After the group meditation tonight, a video of Shifu Sheng Yen was shown regarding coping with obstacles and challenges. One of the things that most impacted me was Shifu's remarks that difficulties can be reframed as ways to improve character and mature oneself. They don't need to be avoided, and people don't need to always seek an easy answer or solution to feel comfortable. As I had shared with the group members today, part of my difficulty lies in being attached to "100% success" and wanting to impress people at work with how I can handle problems. Quite often, it's hard for me to admit when I can only complete 20% or so of what needs to be completed, and it seems a sign of weakness in a competitive world to ask for help. But I also understand that people need each other to meet their targets, and sometimes the low percentage is simply a sign of the effort really required to complete a task..
I find that one good way to manage difficulties is to focus on the task rather than focusing on 'the person' or the self. If I am tasked with something quite mundane and not that rewarding, I am often focused on the result or the benefit I can incur from the task. But let's face it: some tasks aren't particularly inspiring at all, and they are simply done to maintain one's social and physical existence. An example of this might be paying one's taxes. The process of doing so requires resources and the initiative to get to the mailbox, but none of this proves to be all that rewarding. It is, in the words of a former high school colleague, one of those 'things you just gotta do' that offer no real reward. Looking at Shifu's video tonight, I realized that it might help to see the process of difficulty or 'task' not as a burden but as a way to strengthen a person's resolve to do things without a sense of self.
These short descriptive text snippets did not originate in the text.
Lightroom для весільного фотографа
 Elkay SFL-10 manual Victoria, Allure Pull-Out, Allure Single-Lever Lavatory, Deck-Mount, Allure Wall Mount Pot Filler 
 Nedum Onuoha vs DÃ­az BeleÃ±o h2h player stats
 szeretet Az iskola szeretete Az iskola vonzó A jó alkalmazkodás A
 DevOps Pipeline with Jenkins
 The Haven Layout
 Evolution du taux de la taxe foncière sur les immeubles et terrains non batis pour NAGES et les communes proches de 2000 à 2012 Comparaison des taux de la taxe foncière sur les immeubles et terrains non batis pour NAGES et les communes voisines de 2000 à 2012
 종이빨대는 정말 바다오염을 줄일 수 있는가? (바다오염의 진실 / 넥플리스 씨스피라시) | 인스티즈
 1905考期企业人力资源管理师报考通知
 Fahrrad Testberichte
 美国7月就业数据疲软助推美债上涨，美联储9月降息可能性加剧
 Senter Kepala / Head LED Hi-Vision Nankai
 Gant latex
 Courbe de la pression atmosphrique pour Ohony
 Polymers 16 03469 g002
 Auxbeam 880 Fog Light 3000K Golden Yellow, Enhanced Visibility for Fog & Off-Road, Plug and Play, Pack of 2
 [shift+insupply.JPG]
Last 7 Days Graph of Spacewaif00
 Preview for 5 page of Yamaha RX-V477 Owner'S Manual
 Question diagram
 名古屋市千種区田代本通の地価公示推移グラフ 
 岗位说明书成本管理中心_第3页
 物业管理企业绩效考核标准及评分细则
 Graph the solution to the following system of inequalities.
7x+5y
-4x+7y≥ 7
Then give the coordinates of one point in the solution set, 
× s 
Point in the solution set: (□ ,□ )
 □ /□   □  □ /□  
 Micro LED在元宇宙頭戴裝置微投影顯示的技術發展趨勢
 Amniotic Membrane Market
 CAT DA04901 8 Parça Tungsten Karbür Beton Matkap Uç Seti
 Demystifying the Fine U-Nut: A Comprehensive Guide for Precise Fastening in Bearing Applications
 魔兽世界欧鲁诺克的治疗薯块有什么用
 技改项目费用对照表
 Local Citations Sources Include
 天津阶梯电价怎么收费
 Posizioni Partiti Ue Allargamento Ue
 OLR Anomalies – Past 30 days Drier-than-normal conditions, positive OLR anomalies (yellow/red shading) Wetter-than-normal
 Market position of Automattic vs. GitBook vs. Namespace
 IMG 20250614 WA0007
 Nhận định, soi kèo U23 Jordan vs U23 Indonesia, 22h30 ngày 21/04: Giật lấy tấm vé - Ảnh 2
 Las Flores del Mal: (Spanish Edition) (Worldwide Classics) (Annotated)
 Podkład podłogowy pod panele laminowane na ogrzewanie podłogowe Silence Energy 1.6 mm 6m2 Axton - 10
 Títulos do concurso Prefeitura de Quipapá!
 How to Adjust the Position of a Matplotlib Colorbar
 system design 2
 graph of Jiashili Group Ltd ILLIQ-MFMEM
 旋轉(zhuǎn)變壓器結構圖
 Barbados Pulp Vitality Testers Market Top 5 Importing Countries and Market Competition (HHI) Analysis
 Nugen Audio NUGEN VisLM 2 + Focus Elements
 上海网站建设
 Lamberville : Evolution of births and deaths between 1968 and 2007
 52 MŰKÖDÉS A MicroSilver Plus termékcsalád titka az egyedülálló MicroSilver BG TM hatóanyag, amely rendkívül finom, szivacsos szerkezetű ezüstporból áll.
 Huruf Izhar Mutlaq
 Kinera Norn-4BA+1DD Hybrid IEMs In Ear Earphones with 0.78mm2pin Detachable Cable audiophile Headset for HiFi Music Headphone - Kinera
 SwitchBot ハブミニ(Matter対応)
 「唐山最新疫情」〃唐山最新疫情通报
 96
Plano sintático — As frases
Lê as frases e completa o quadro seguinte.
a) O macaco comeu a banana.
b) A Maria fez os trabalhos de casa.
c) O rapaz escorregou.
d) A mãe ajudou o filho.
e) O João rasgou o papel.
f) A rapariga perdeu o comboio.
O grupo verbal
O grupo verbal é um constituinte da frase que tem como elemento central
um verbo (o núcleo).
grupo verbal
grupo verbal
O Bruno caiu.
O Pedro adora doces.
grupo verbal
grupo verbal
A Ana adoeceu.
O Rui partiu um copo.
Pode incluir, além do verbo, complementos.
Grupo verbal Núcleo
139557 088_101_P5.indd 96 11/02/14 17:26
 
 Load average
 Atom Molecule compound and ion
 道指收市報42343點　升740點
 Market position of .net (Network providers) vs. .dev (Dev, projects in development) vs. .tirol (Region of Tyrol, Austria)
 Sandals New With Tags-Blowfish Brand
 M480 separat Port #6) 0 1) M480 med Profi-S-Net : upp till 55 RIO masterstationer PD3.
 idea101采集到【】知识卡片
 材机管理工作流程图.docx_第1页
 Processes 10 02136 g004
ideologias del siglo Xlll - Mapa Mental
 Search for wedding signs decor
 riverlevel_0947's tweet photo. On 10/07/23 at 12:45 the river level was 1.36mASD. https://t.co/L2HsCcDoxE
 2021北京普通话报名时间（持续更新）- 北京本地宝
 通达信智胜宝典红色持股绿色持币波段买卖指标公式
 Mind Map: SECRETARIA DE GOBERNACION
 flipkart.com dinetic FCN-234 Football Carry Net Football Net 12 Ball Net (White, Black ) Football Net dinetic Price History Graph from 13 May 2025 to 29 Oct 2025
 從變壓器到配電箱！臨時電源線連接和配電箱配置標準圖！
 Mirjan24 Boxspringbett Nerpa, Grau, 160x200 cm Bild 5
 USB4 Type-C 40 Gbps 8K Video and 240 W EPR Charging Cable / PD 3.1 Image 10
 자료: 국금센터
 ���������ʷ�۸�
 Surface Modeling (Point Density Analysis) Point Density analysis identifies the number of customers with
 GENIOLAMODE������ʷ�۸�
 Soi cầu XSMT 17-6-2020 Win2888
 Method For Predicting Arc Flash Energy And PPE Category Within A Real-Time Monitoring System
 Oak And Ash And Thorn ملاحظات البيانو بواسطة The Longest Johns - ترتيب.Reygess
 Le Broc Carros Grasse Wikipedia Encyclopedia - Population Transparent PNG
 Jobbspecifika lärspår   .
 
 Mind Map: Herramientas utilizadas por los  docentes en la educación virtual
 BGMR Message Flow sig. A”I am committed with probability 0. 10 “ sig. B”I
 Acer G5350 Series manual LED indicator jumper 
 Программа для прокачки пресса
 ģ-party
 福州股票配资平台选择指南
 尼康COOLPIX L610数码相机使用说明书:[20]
If I can see all experiences as phenomena that are pointing to the mind, that is probably an even better practice, though it is more subtle. The best way to describe this approach might be to see that all experiences are phenomena itself. Not privileging one experience as 'more rewarding' than others allows me to see them all equally, and I can let go of the desire to gain from one or avoid the other. The practice can even become a kind of challenge, where I try to determine how well I can let go into the experience rather than retaining a sense of time or space, or wanting to do something else.
Under this latter view, there is really no difficulty that ends up being a waste of time, futile or pointless. They are all just ways of helping a person to let go of the baggage of a fixed 'self' which stands to gain or lose from anything. Once a person can truly stop identifying so much with that self and see it as impermanent, then all the tasks are equally valid ways to learn and grow. It simply is a matter of balancing necessity and managing the different shifting priorities of the moment.